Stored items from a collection
Start of Block

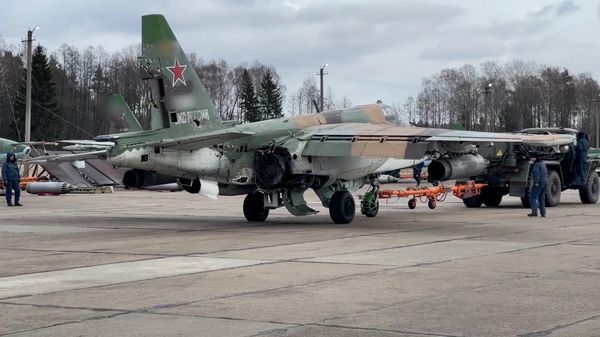 Летчик чудом посадил штурмовик Су-25 после того, как в него попала ракета на Украине - Sputnik Армения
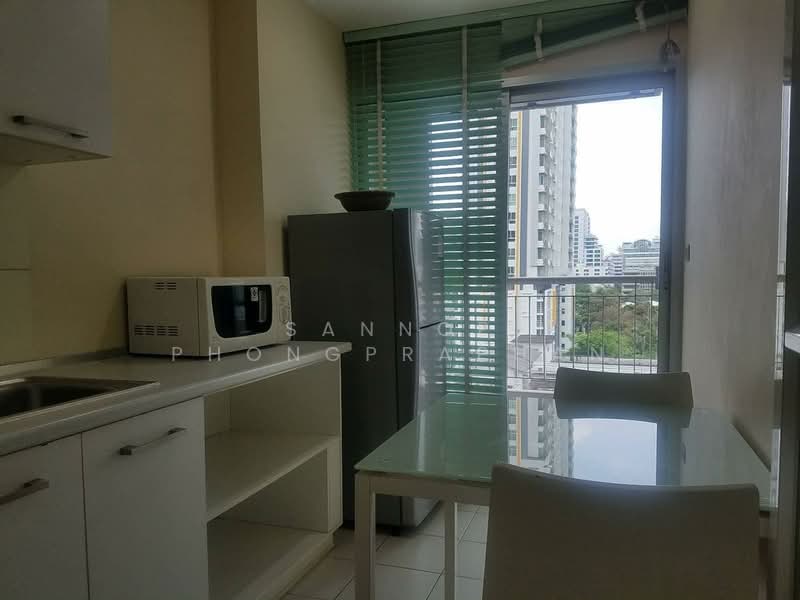 Life @ Sathorn 10, Bangkok, 48 Soi Sathorn 10, Sathorn Road, Silom, Bang Rak, Bangkok, 1 Bedroom, 41 sqm, Condo For Rent, by Sannop Phongpraphan, 500363550 - DDproperty.com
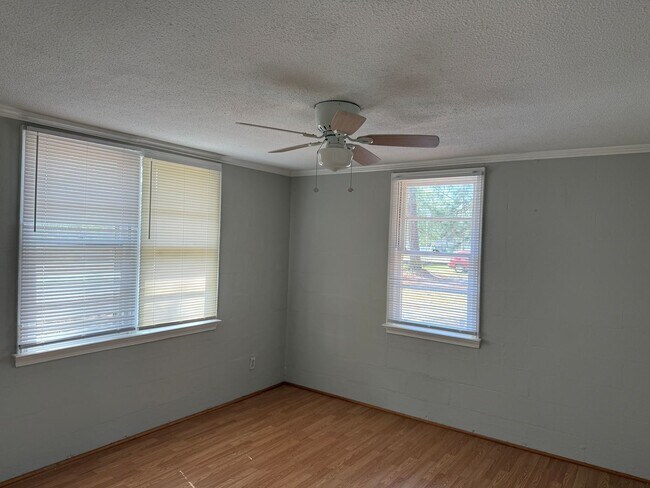 Foto del edificio - Lexington Area - Call Lexington office for information and to view 803-359-0793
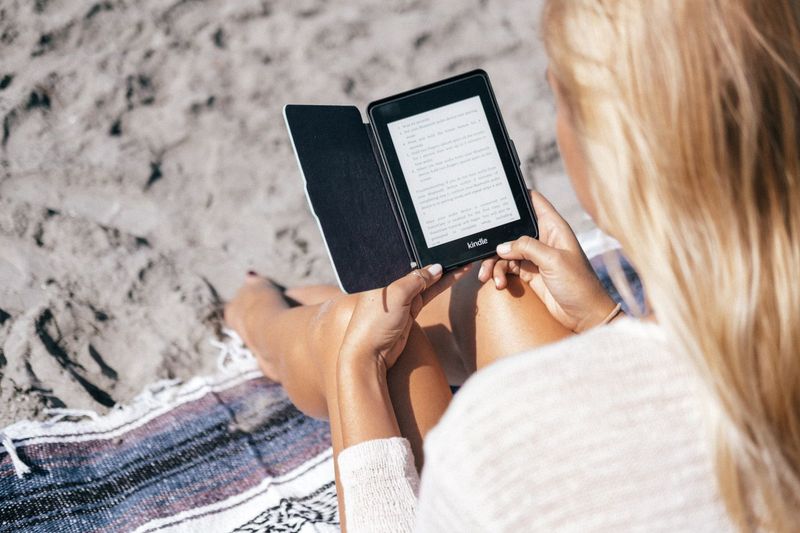E-reader or book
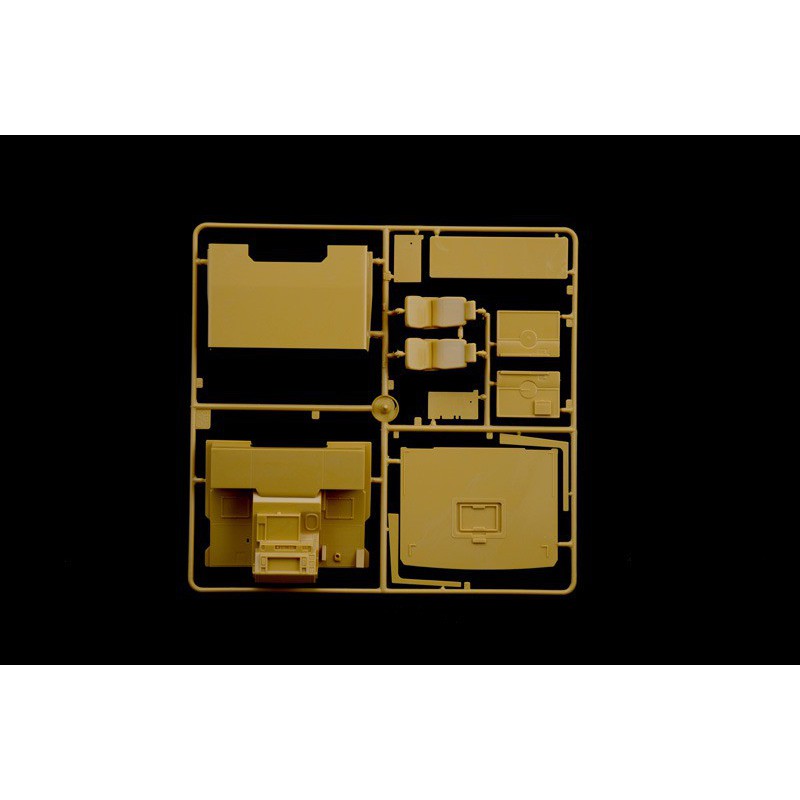 Volvo F12 Intercooler low roof, 1:24, Italeri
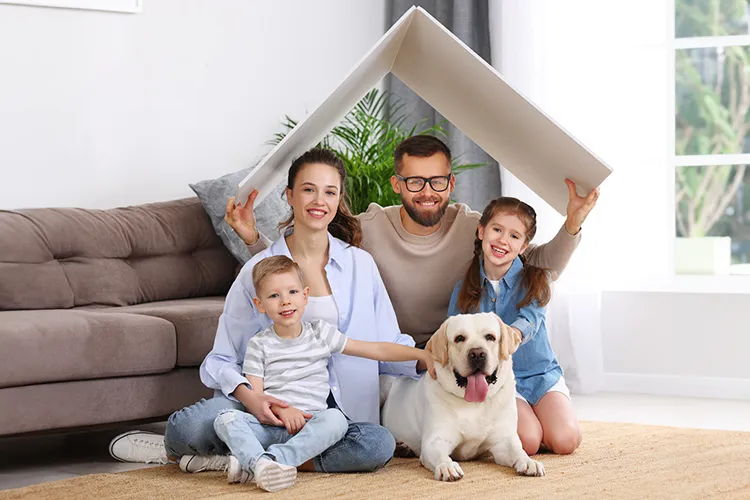 Familia feliz en su casa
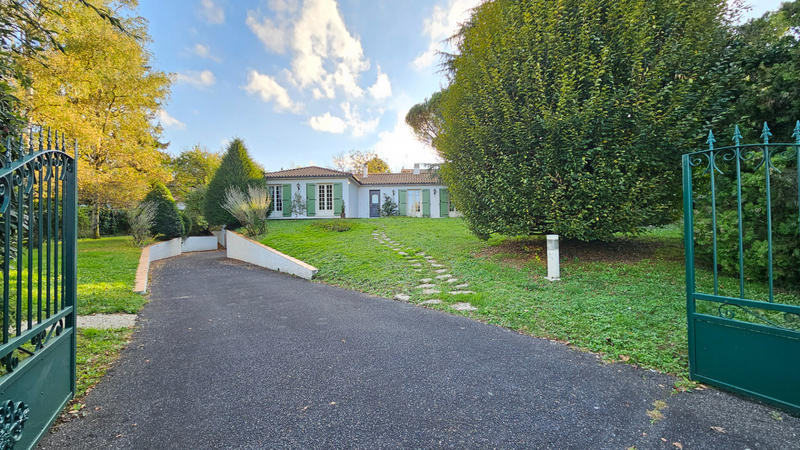 Maison - 185 m² - 7 pièces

End of Block

## WHAT THIS TASK INVOLVES:
Since the copy must contain no pictures, return only the text of the records, exactly as it stands.

## FINISHED EXERCISE:
 Летчик чудом посадил штурмовик Су-25 после того, как в него попала ракета на Украине - Sputnik Армения
 Life @ Sathorn 10, Bangkok, 48 Soi Sathorn 10, Sathorn Road, Silom, Bang Rak, Bangkok, 1 Bedroom, 41 sqm, Condo For Rent, by Sannop Phongpraphan, 500363550 - DDproperty.com
 Foto del edificio - Lexington Area - Call Lexington office for information and to view 803-359-0793
E-reader or book
 Volvo F12 Intercooler low roof, 1:24, Italeri
 Familia feliz en su casa
 Maison - 185 m² - 7 pièces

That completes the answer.